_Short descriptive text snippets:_
======

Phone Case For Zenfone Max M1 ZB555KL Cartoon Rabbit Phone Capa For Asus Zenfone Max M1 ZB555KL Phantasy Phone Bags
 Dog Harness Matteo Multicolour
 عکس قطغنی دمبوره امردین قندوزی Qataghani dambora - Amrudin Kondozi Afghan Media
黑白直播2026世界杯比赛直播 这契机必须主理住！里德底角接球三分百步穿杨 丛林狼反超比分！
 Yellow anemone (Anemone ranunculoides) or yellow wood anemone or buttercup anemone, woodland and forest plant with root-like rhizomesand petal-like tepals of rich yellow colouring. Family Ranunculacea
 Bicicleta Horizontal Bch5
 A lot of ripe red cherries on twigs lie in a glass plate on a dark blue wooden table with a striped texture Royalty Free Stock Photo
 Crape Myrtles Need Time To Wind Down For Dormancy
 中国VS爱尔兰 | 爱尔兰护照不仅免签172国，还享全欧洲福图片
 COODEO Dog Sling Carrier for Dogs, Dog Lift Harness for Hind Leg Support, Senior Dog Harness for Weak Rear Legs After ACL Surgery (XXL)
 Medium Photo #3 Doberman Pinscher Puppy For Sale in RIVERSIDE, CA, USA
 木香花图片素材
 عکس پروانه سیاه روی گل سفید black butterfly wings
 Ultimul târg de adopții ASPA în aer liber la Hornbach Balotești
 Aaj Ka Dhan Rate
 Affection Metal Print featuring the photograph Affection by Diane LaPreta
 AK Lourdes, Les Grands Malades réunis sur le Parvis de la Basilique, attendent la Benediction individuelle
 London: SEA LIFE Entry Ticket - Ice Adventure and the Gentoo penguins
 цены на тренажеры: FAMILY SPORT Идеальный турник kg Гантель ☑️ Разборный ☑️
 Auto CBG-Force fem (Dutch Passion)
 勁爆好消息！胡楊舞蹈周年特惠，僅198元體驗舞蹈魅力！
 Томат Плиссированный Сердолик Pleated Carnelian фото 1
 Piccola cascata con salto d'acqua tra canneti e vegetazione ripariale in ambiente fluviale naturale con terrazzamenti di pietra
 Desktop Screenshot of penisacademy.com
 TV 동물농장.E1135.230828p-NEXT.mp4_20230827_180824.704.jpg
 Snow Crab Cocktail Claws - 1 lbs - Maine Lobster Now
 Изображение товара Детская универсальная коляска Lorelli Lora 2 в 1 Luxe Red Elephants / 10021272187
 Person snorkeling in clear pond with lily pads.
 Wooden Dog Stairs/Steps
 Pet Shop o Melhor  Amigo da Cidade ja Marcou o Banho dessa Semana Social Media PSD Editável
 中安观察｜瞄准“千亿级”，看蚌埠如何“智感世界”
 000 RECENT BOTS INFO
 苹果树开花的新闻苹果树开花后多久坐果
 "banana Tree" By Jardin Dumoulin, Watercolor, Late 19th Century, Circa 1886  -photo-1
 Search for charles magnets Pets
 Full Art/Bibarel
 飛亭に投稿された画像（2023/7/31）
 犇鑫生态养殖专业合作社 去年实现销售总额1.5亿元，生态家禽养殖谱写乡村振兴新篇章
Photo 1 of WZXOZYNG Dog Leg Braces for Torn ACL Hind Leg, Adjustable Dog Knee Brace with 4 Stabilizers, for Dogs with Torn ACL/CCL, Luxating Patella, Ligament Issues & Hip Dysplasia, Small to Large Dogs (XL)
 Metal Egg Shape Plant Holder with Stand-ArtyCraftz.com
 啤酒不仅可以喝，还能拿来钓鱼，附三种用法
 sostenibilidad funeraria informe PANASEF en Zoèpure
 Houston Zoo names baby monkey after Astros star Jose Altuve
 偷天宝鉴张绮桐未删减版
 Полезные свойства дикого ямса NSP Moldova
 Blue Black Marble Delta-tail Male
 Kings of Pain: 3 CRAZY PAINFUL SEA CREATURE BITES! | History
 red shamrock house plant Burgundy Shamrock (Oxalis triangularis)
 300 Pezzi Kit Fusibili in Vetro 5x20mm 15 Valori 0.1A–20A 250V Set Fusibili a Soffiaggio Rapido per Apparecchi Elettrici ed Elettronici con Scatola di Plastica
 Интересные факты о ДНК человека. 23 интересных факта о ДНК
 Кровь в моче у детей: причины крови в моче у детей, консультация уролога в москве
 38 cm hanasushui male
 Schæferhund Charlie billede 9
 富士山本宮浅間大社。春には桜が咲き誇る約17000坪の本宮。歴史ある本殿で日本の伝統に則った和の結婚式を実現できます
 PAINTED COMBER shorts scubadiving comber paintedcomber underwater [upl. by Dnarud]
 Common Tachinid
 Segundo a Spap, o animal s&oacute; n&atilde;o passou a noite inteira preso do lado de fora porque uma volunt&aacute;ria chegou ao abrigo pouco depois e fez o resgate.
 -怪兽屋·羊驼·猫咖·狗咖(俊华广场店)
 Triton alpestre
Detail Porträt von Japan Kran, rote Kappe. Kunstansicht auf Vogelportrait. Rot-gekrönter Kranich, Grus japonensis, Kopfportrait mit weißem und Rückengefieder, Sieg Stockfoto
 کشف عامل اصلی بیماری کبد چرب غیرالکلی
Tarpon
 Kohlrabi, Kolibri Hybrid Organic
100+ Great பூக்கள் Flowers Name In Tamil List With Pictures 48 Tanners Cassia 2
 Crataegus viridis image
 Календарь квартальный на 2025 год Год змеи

======

_What is needed:_
Set down, exactly as they stand above, the lines starting with the line with "Yellow anemone (Anemone" and going on through the line with "Bicicleta Horizontal Bch5", and no others.

_Solution:_
 Yellow anemone (Anemone ranunculoides) or yellow wood anemone or buttercup anemone, woodland and forest plant with root-like rhizomesand petal-like tepals of rich yellow colouring. Family Ranunculacea
 Bicicleta Horizontal Bch5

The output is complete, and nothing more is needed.